● Data
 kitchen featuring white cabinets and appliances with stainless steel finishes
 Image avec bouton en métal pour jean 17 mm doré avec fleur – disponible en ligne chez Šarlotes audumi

---

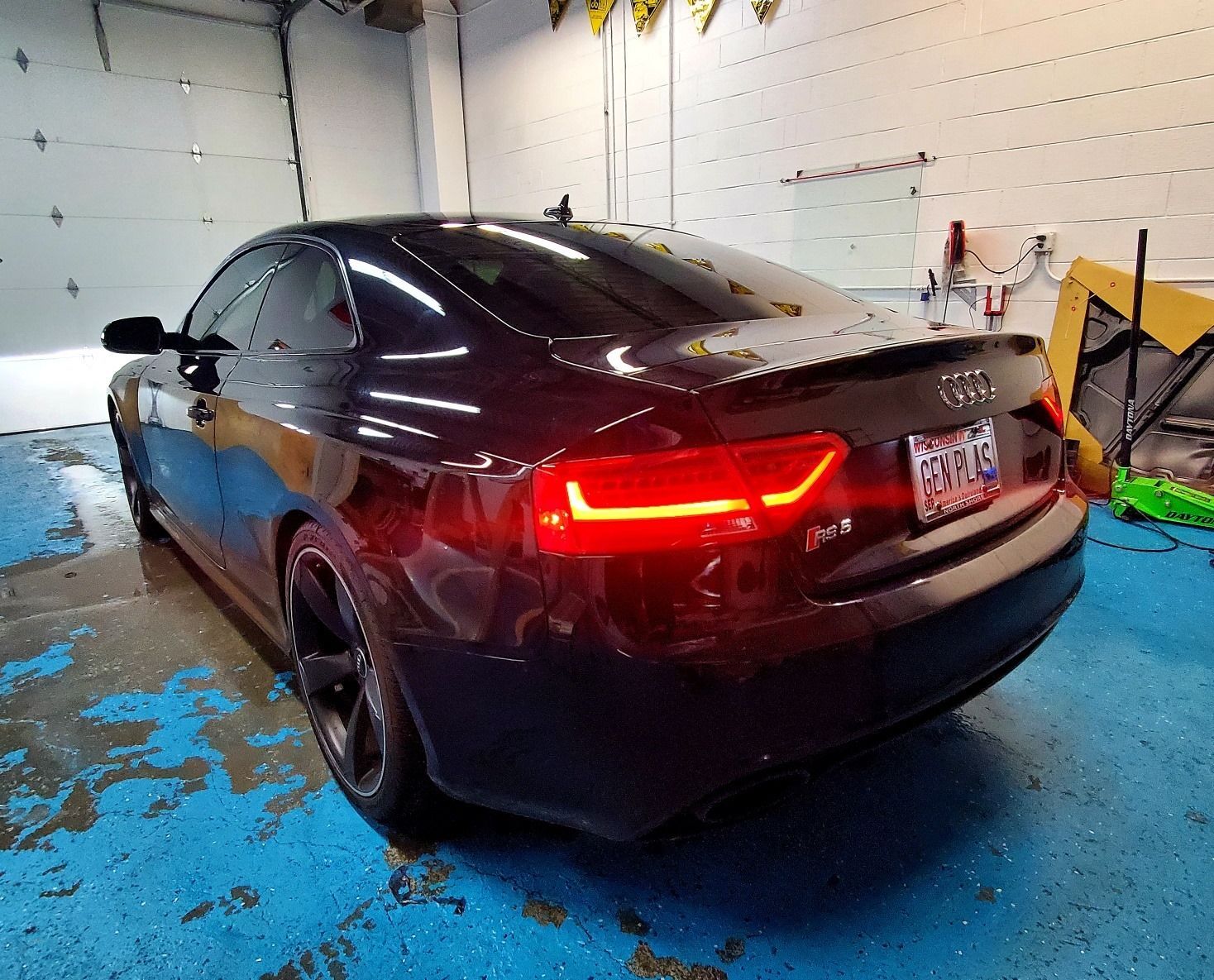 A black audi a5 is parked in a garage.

...

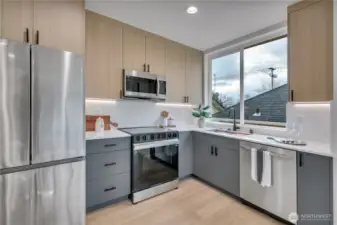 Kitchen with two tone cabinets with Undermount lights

● What this task involves
Return exactly the lines above from the line that has "kitchen featuring white" through the line that has "Image avec bouton", inclusive, and nothing else.

● Reply to the task
 kitchen featuring white cabinets and appliances with stainless steel finishes
 Image avec bouton en métal pour jean 17 mm doré avec fleur – disponible en ligne chez Šarlotes audumi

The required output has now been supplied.